Ergui o pescoço para espiar com cautela o que me aguardava, e nada além de frio e esquecimento. Me levantei com as pernas bambas e a boca seca. Espiei o belo recanto lá fora, coberto por verdes intensos e arvores esdrúxulas de galhos compridos com folhas secas que se libertavam dali para o céu. A fome e o frio vieram me atormentar em seguida.

O lobo não estava mais pelos corredores.

Após um olhar esquivo para as paredes que me rodeavam, enxerguei rabiscos por todas as partes desenhados com pedras dali mesmo. Rabiscos de várias formas, algumas indecifráveis, de traços infantis, provavelmente feito por crianças entediadas, condenadas ao mesmo destino incerto que eu. Levando em consideração a diversidade das artes, não foram poucas que visitaram este mesmo lugar. E quem quer que fossem, meu estomago atrapalhava qualquer tipo de raciocínio que não fosse comestível.

Ajudaria se eu gritasse "socorro" bem alto daquela pequena janela? Talvez não.

De algum modo, pensando em um ponto mais positivo, minhas memorias estavam voltando. Quem sabe com concentração e uma boa refeição não ajudasse a conseguir mais detalhes sobre meu passado, que até então fora apagado da minha vida.
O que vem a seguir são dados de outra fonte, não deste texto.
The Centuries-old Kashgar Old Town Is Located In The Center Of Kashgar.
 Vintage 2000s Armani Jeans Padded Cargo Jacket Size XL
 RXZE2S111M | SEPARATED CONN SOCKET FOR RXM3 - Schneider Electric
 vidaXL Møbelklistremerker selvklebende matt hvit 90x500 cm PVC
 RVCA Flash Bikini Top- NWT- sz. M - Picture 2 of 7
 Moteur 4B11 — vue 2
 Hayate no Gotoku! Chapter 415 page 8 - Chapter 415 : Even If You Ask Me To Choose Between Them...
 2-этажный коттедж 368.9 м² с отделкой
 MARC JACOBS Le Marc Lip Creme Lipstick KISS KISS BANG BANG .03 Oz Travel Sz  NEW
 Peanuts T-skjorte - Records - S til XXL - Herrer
Eu precisava continuar acreditando na minha inocência, mas para isto, precisaria desenterrar mais lembranças. O modo como conheci Luna, dada por um mendigo de rua, não anularia minha sentença aqui, muito menos provaria que não assassinei meus pais.

Antes que pudesse pensar em mais soluções, o portão de cobre no fim do corredor abriu timidamente, emitindo um incomodo ranger metálico. Dali, surgiu mais uma vez o grande lobo, com o focinho no chão, como se farejasse algo importante, mas ao invés disso, empurrava um prato de bordas fundas, contendo um liquido esverdeado, pastoso. Ele se aproximava com cautela para não derramar uma se quer gota.

Ao se aproximar com a sopa mórbida, ainda de cabeça baixa, vi um corte perto do olho esquerdo da grande besta. Corte causado por um violino desprovido de seu dono, despedaçado brutalmente na cabeça do animal, que tempos atrás tentara nos fazer de refeição noturna. Por mais que tentasse agora, eu não via mais aquele lobo como um predador mortal, mas sim como um carcereiro bem treinado.

O prato passou pela fresta por debaixo da porta de grades, possibilitando uma refeição instantânea. Não demorou um segundo até eu mergulhar as mãos sujas no emaranhado de gosma verde e socar goela adentro. De fato, eu estava mais selvagem que um predador, naquele momento. Poderia devorar um elefante inteiro só com minhas mãos.

De coluna curva e vestes lambuzadas, parei de sugar o alimento quando já não se tinha mais nada para sugar. Limpei a boca com o braço e respirei fundo, satisfeita.

— Obrigada grandalhão — Agradeci esticando corajosamente o braço para fora da grade, no intuito de que ele viesse ao meu encontro. E veio. O terrível lobo deu mais três passos até alcançar minha mão. Seus pelos negros eram de uma macies incrível, bem tratados e sem oleosidade. Dava dó de toca-los com uma mão tão suja. Obviamente ordenaram para que me trouxesse algo, caso contrário morreria de fome. E acho que não é a intensão de ninguém aqui me matar, se não já estaria a sete palmos debaixo da terra — Desculpe por termos te machucado aquele dia — continuei — No fim das contas, você só estava sendo leal ao seu dono.

Senti minhas costas esquentarem quando o raio de sol me alcançou. Um leve arrepio percorreu todo meu corpo, me fazendo relaxar. Dali em diante o animal deitou-se o mais próximo possível para receber carinho.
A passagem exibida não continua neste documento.